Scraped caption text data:

----------------

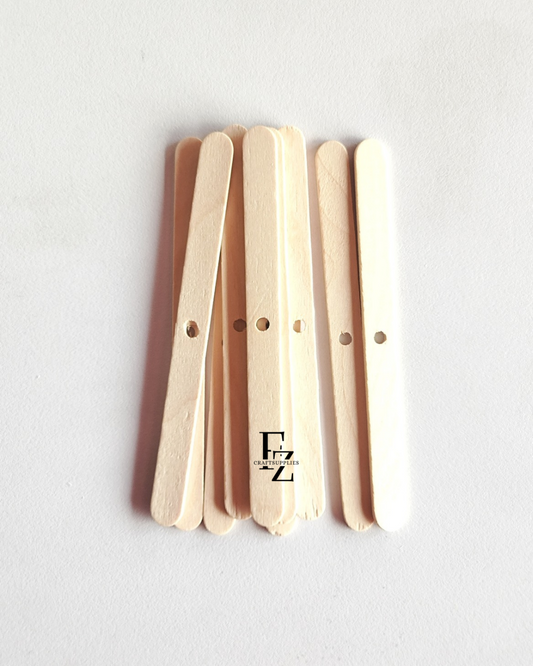 Wooden Candle Wick Holder - 10 Pieces
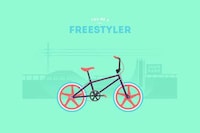 Stereotyped Bike Illustrations Image 3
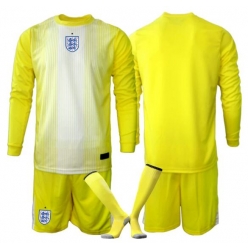 England Keeper Bortedraktsett Barn VM 2026 Langermet (+ Korte bukser)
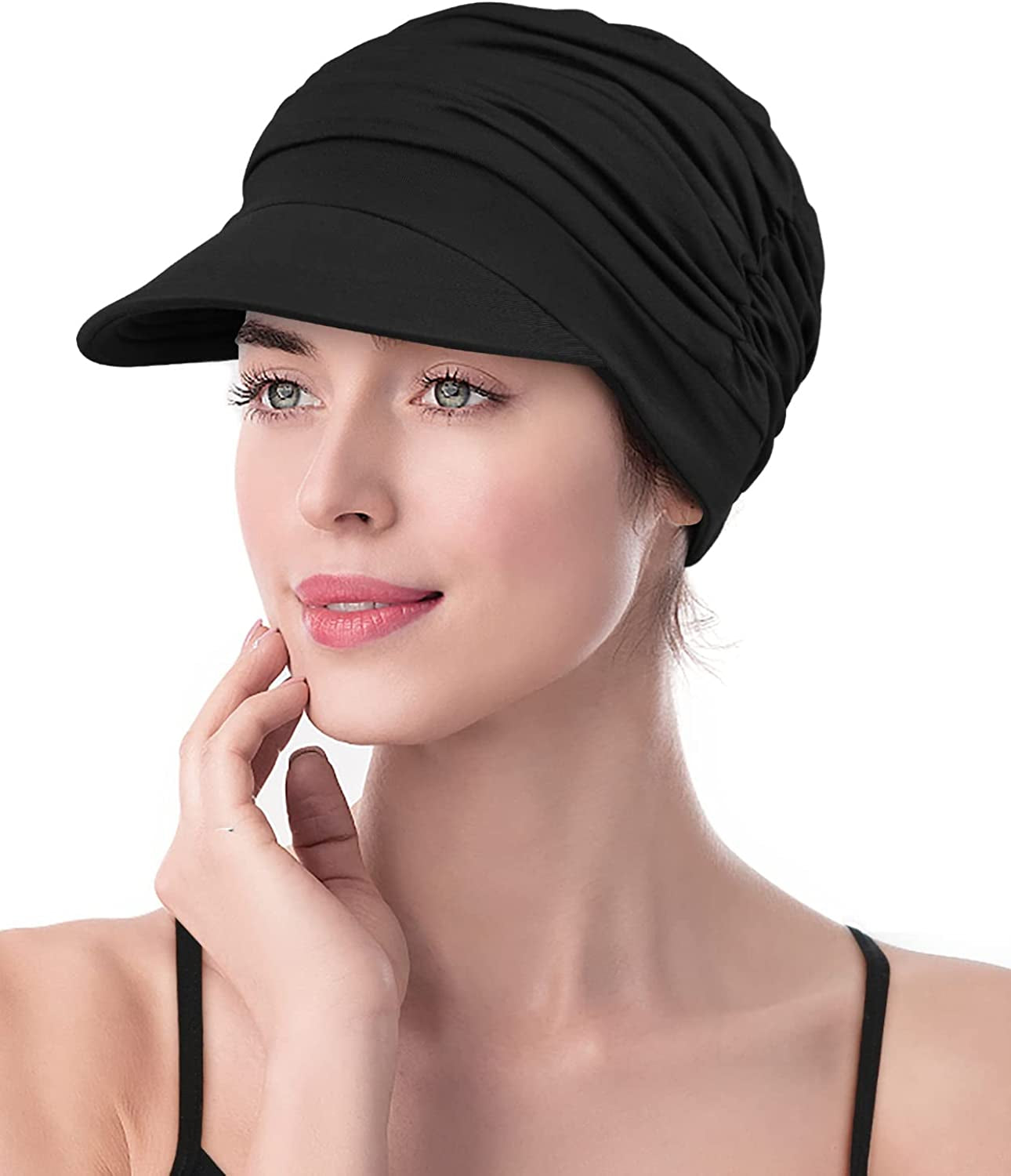 Soft Bamboo Baseball Cap for Women Apparel & Accessories > Clothing Accessories > Headwear Winitas Black 1 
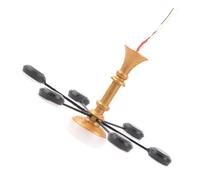 Gatuida Miniature Chandelier Luminaire Suspendu Doré et Noir Lumière Blanche Froide Décoration Miniature pour Maison de Poupée Lampe de Plafond Élégante pour Salon et Micro-Paysage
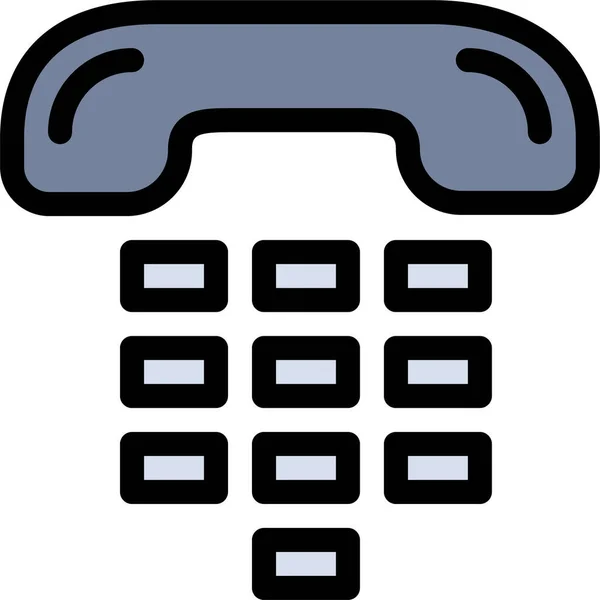 Appel Communication Contact Icône — Image vectorielle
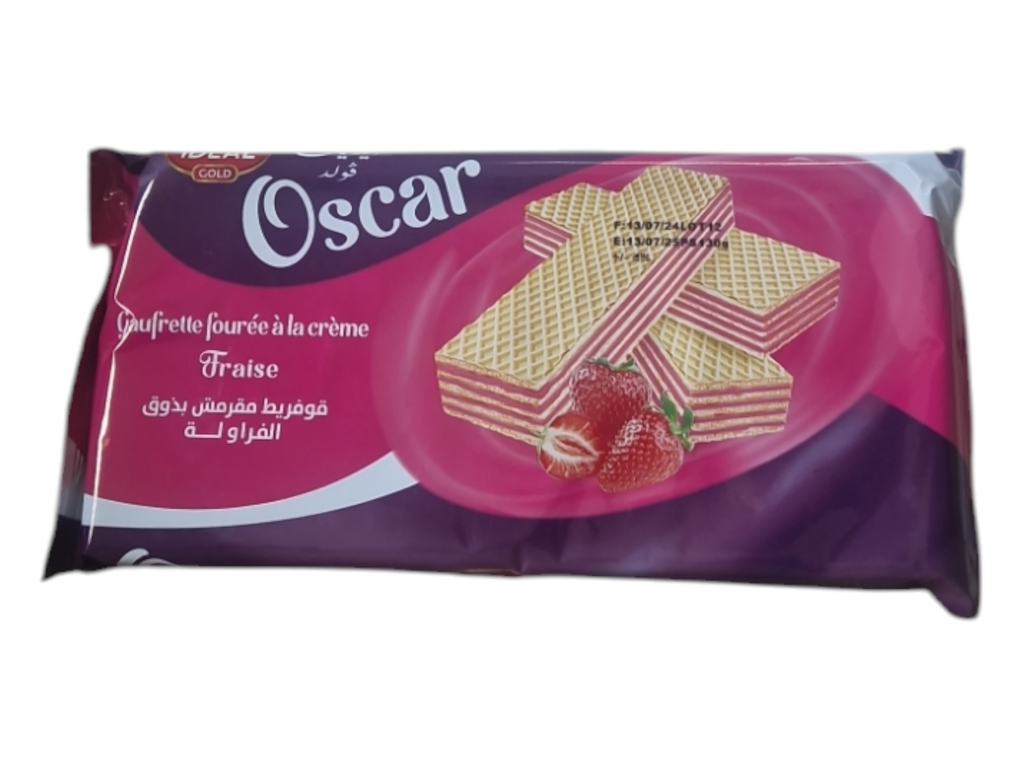 OSCAR gaufrette fraise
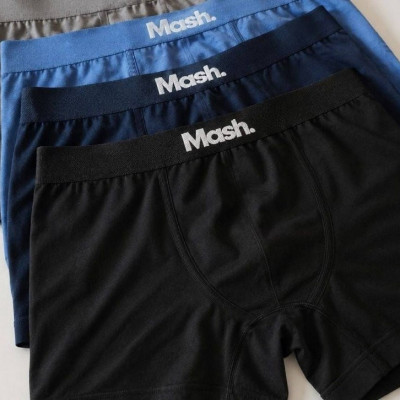 Kit 4 Cuecas Boxer Microfibra Mash Sem Costura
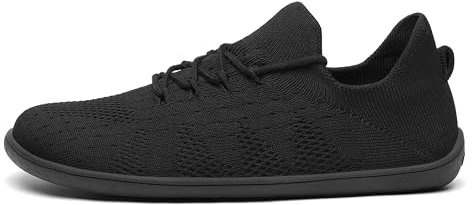 SAGUARO Chaussures Pieds Nus Hommes Femmes Slip on Sneakers Confortable Barefoot Minimalistes Chaussures GR.42
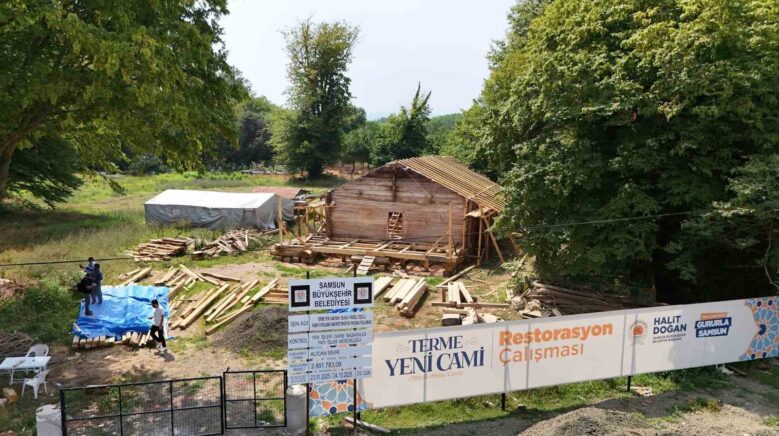 tarihi terme yeni camide restorasyon calismalari yKTLYeYu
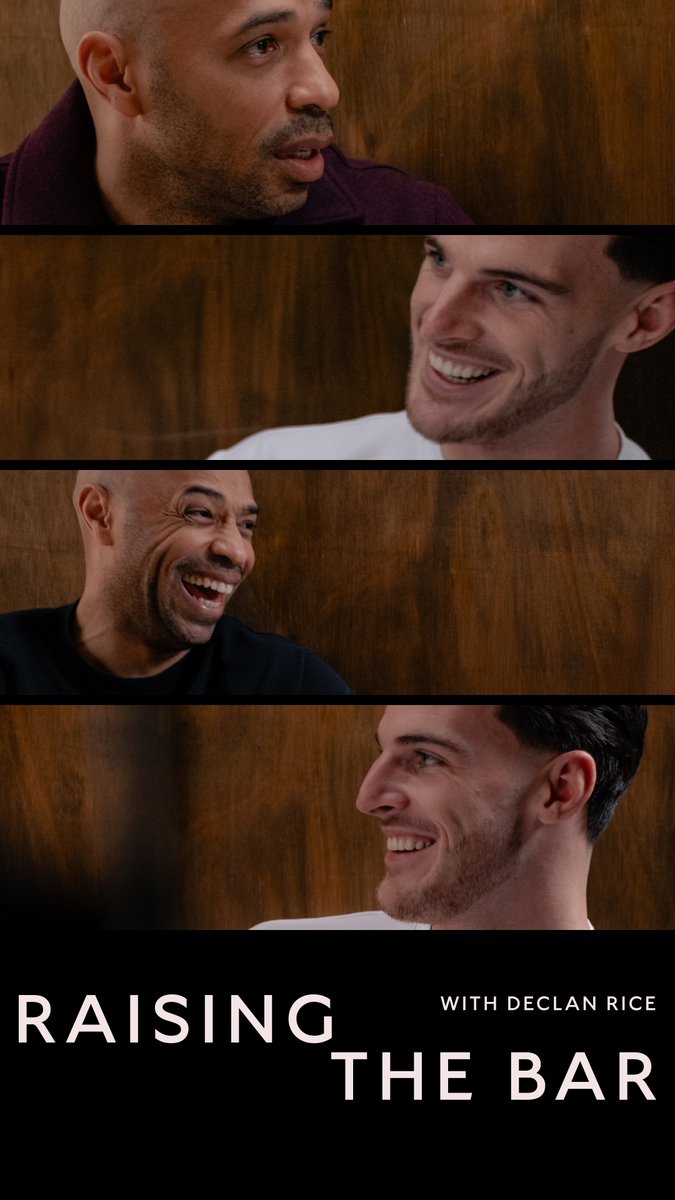 Sharing wisdom 🧠 Stream Raising The Bar with Thierry Henry on The Arsenal app 👇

----------------

TASK PROMPT: Restate the data above word for word. Skip every picture.

YOUR SOLUTION:
 Wooden Candle Wick Holder - 10 Pieces
 Stereotyped Bike Illustrations Image 3
 England Keeper Bortedraktsett Barn VM 2026 Langermet (+ Korte bukser)
 Soft Bamboo Baseball Cap for Women Apparel & Accessories > Clothing Accessories > Headwear Winitas Black 1 
 Gatuida Miniature Chandelier Luminaire Suspendu Doré et Noir Lumière Blanche Froide Décoration Miniature pour Maison de Poupée Lampe de Plafond Élégante pour Salon et Micro-Paysage
 Appel Communication Contact Icône — Image vectorielle
 OSCAR gaufrette fraise
 Kit 4 Cuecas Boxer Microfibra Mash Sem Costura
 SAGUARO Chaussures Pieds Nus Hommes Femmes Slip on Sneakers Confortable Barefoot Minimalistes Chaussures GR.42
 tarihi terme yeni camide restorasyon calismalari yKTLYeYu
 Sharing wisdom 🧠 Stream Raising The Bar with Thierry Henry on The Arsenal app 👇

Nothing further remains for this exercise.